When I started to read the description of Tasha Alexander’s latest novel, A CRIMSON WARNING, my first reaction was Huh?  This is a thriller?  But as I read further, things started to come together and I thought, What a great twist!  I wish I could say I was familiar with her series, but I’m not.  One of the downsides of working in the publishing industry is that you rarely get to read anything published!  I read manuscripts, proposals, sample chapters, and query letters all the time, but rarely finished books.  But I think I’d really like to get into this series.

Newly returned to her home in Mayfair, Lady Emily Hargreaves is looking forward to enjoying the delights of the season.  The delights, that is, as defined by her own eccentricities—reading The Aeneid, waltzing with her dashing husband, and joining the Women’s Liberal Federation in the early stages of its campaign to win votes for women.  But an audacious vandal disturbs the peace in the capitol city, splashing red paint on the neat edifices of the homes of London’s elite.  This mark, impossible to hide, presages the revelation of scandalous secrets, driving the hapless victims into disgrace, despair, and even death.  Soon, all of London high society is living in fear of learning who will be the next target, and Lady Emily and her husband, Colin, favorite agent of the crown, must uncover the identity and reveal the motives of the twisted mind behind it all before another innocent life is lost.
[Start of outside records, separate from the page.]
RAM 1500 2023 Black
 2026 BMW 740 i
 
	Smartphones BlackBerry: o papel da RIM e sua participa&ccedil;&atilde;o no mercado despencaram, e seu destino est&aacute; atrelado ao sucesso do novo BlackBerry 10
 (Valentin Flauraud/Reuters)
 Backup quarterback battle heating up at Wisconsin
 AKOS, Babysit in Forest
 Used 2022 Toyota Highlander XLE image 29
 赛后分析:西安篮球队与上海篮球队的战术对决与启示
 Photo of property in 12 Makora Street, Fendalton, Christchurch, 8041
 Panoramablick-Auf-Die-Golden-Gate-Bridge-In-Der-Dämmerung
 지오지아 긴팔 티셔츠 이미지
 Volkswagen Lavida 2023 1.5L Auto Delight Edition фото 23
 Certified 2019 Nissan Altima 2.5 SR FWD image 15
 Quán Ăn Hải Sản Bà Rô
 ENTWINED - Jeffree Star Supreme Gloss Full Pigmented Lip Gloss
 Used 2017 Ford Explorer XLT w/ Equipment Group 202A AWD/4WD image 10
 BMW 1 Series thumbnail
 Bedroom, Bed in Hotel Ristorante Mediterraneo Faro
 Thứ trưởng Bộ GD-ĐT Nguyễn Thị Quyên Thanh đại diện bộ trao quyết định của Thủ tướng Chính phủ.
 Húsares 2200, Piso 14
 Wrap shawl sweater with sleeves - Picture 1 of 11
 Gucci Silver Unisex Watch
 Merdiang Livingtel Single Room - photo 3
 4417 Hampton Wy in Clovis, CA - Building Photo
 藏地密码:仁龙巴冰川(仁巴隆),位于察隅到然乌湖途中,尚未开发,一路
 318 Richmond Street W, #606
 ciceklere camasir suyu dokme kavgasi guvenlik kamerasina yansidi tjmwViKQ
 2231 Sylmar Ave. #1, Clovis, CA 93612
Writing Victorian thrillers seems like a strange turn for a former pharmaceutical rep (“a soul-crushing job”), but Tasha Alexander has a long love of literature and the late-Victorian period.  While reading Gaudy Night, by Dorothy Sayers, she found herself inspired to try writing a novel herself.  A lover of classical art and long fascinated by art forgery, she opted to try something different from what was out there and found success.  Her agent, Anne Hawkins, one of the first to accept email queries, took her on three days after asking Alexander to FedEx her the manuscript for her first novel.  A strong start at Morrow was followed by a move to St. Martin’s highly regarded Minotaur imprint (“You moved a series?” I inquired, incredulous, knowing how hard it is to do that.).  There she’s edited by Charlie Spicer, a publishing veteran held in inestimable regard by all who know him.  He’s “an old-fashioned, hands-on editor; he really digs into it.  He wants to push you so each book is better, so it moves you to the next level,” Alexander says.

I’ll leave it to you, the reader, to decide if she’s made it to that next level, but my money is on her.

*****

Tasha Alexander attended the University of Notre Dame, where she signed on as an English major (with a concentration in Medieval Studies) in order to have a legitimate excuse for spending all her time reading. She and her husband, novelist Andrew Grant, divide their time between Chicago and the UK.